Totally agree about the aspic, sorry I didn't mean to imply that it should be melted into the confit itself. But do save the stuff, if for no other reason than to mount it into a sauce.

--Al


----------



## abefroman (Mar 12, 2005)

Whats the aspic? How do I know what is looks like?


----------



## mezzaluna (Aug 29, 2000)

It's the semi-solid jelly of pure flavor at the bottom of the pot. Since fat rises, any water-based juices will be on the bottom. Save that aspic! It's GOLD for sauces.

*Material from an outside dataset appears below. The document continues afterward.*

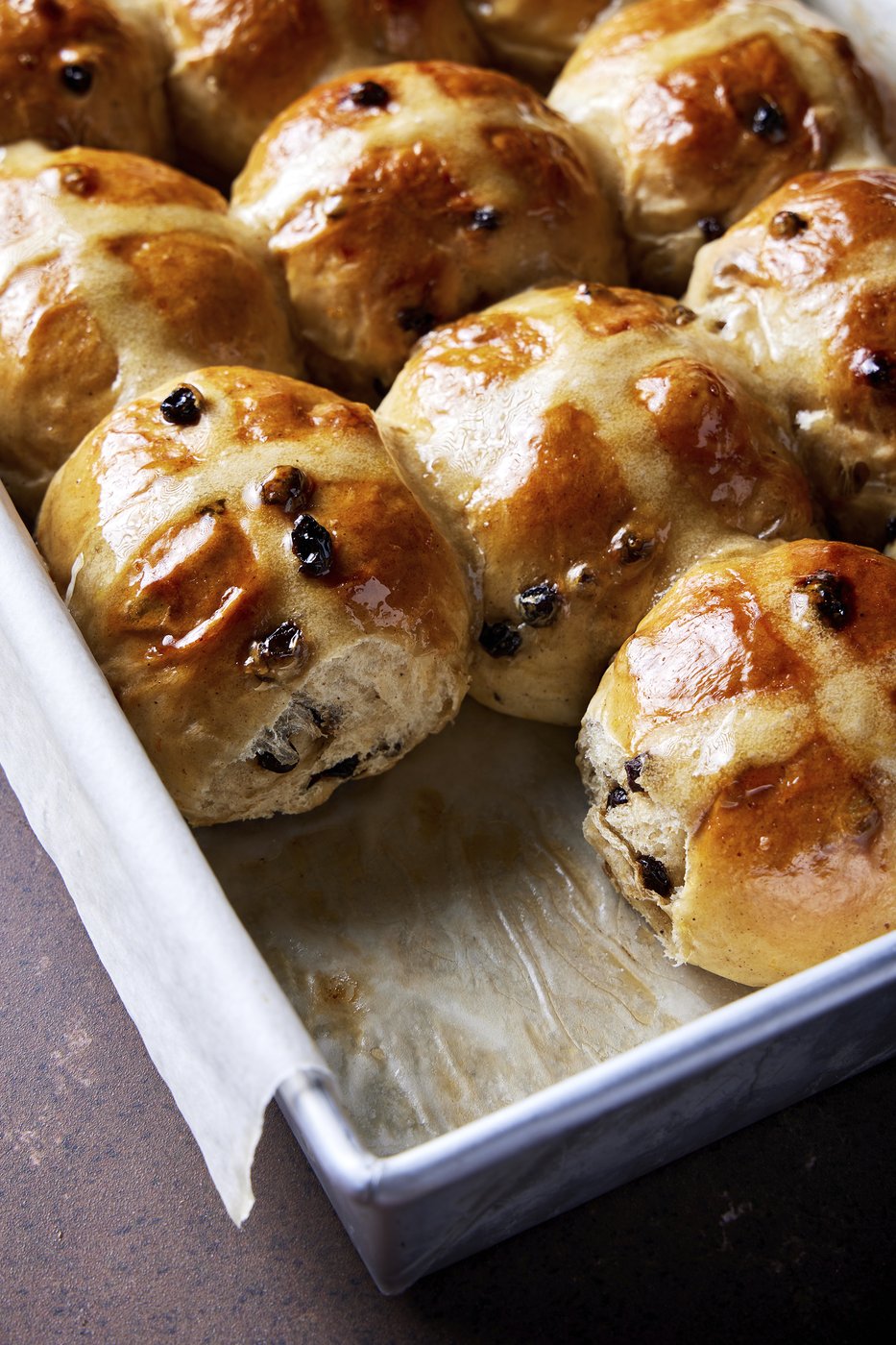 Bourbon-plumped currants enhance the flavor of hot cross buns for Easter | iNFOnews.ca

Al, I'm going to try the slow cooker method next time. I don't usually need a huge amount of schmaltz (rendered poultry fat), but I could vacuum seal it and freeze it, I think.


----------



## chrose (Nov 20, 2000)

You know after reading this thread perhaps it's time to bite the bullet and get me a couple o' ducks this winter! We love duck but rarely have it, and you sure can't make 2 legs for confit! Maybe I'll splurge and get 3, maybe 4 of them. That should make us a whole lot o' ducky meals!


----------



## rufustf (Jun 5, 2007)

Well, you've gotten a few tips from the pros already, it seems, but I thought I'd share what I do with a duck that renders a lot of fat. I'll usually roast a whole one, but before I roast it I steam it (stuffed w/ aromatics, trussed, and tiny small slices in the skin but not the meat) in a pressure cooker. If you don't have a pressure cooker you can use any large pot with a rack and a lid. Anyhow, a lot of fat is rendered into the water. I save the water and put it in the fridge, & the fat rises and solidifies on the top. I either scrape it off the top or make two holes in it and pour out the water. As long as I make sure it's moisture free and sealed in a container it's good for a while. It's a great thing to have lying around to fry some eggs in, or for a light roux. Anyhow, that's how I always have duck fat in my fridge.
RTF


----------



## even stephen (Oct 10, 2005)

Contact a local wholesale Meat vendor and buy it....comes in 1/2 gallon 
buckets usually....you can use it over and over.....sometimes time is worth
more, and its not that expensive....good luck


----------



## kuan (Jun 11, 2001)

Or just go get some schmaltz from the regular grocer.


----------



## abefroman (Mar 12, 2005)

Thanks! I got two ducks and roasted the first, one, it seemed like I didn't get all the much fat out of it, so I will try the second one in the pressure cooker.


----------



## rufustf (Jun 5, 2007)

Yeah, I usually let it go about 15-20 minutes in the pressure cooker, 45 to 1 hour if its a regular/makeshift steamer. Enjoy your duck!


----------



## ahhhhhreno (Nov 24, 2010)

approximately how long do you steam them for? Minutes/lb? Guess I should have looked at the rest of the post


----------



## rpmcmurphy (Jan 8, 2008)

The best way I've found to make duck confit......is almost 'sous-vide'. I render the fat from the duck -- all the skin and all the bits that arent either the breast, or the legs. Then I let it kind harden, and then I scoop out a bit, crisco style, and throw it in a foodsaver bag with a leg, and vacuum seal it. ....then confit it that way.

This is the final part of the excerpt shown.